で、カンヌでレオスキャラクスと知り合って意気投合、やっと念願の映画製作が実現する。

そういうことだったのか

というか、この映画で初めてレオスキャラクスを見て、アネット冒頭のタバコをすばすばしながら(フランス人だから普通にタバコを吸いまくるし映画に入れる)ミキシングルームにいるのが作家本人と知った。さらに、原案自体がスパークスということも知る。

すると、作中の常に異常な結果となるヘンリー⇒アンの関係、ヘンリー⇒伴奏者の関係は、

コメディアン⇒歌い手

遊び人⇒作曲者

という鏡像関係にある見た目のスパークスイメージと重なるみたいだ。
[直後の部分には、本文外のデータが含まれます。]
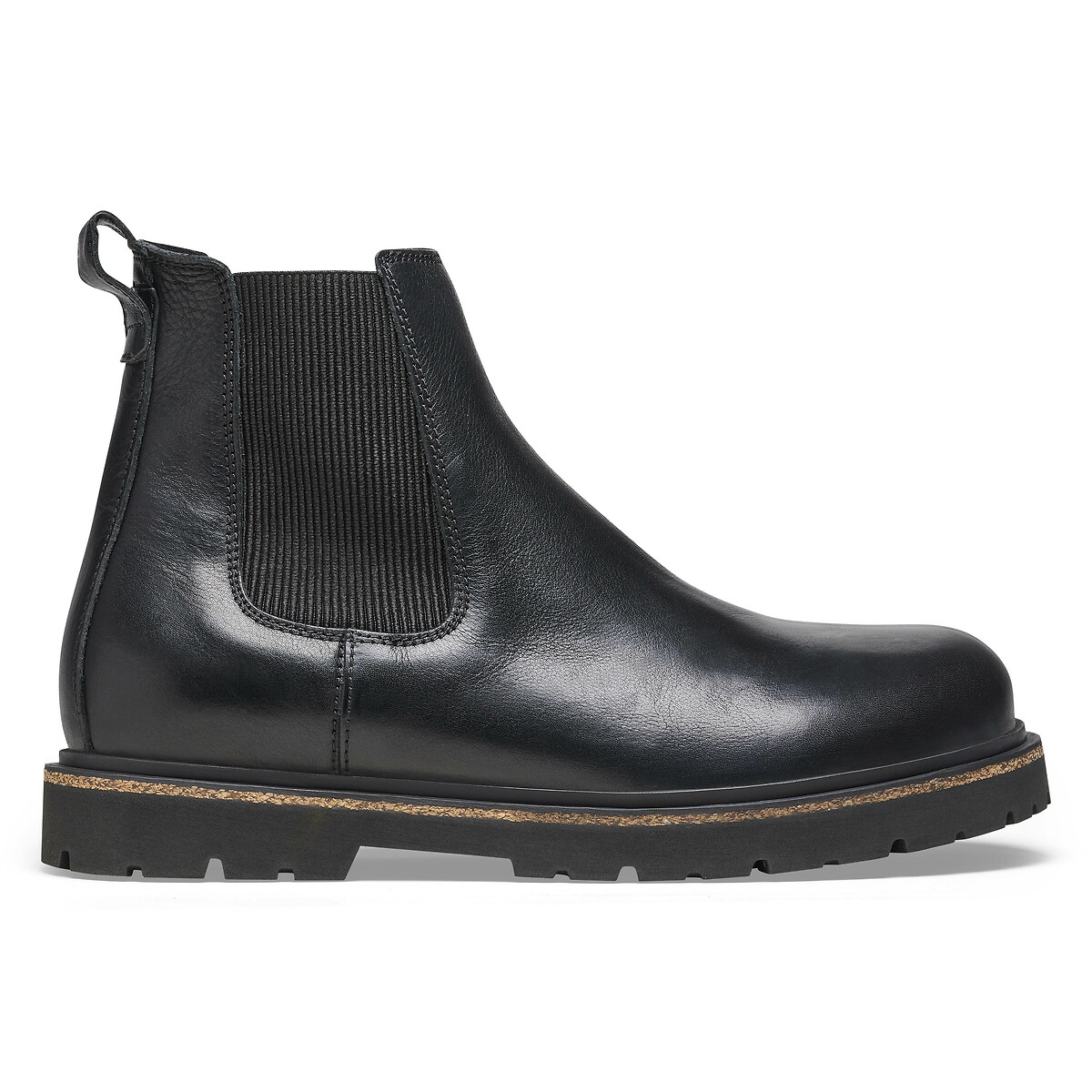 Chelsea boots highwood aus veloursleder schwarz Birkenstock La Redoute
だが、映画と違って現実では異常な結果は対消滅するので、二人並んで仲良く仕事(作曲とかアレンジとかだろうけど)している映像に収斂できてめでたしめでたし。

おもしろかった。

最後、別アレンジのNo.1ソングが流れるのだが、初めて認識したが、これはおらは死んじまっただの一歩手前の歌なのかな? なぜなら天国の歌が聞こえてきているわけだし、と歌っている。

No. 1 In Heaven [40th Anniversary Edition](スパークス)

(おれは立ち止まってしまう聴き手なのでやっぱりこれが好きだな)

Mael Intuition: Best Of Sparks 1974-76(スパークス)

(この初期ベスト盤がすばらしいのは、1曲目をキモノマイハウスと同じくthis townを置いたことだと思う)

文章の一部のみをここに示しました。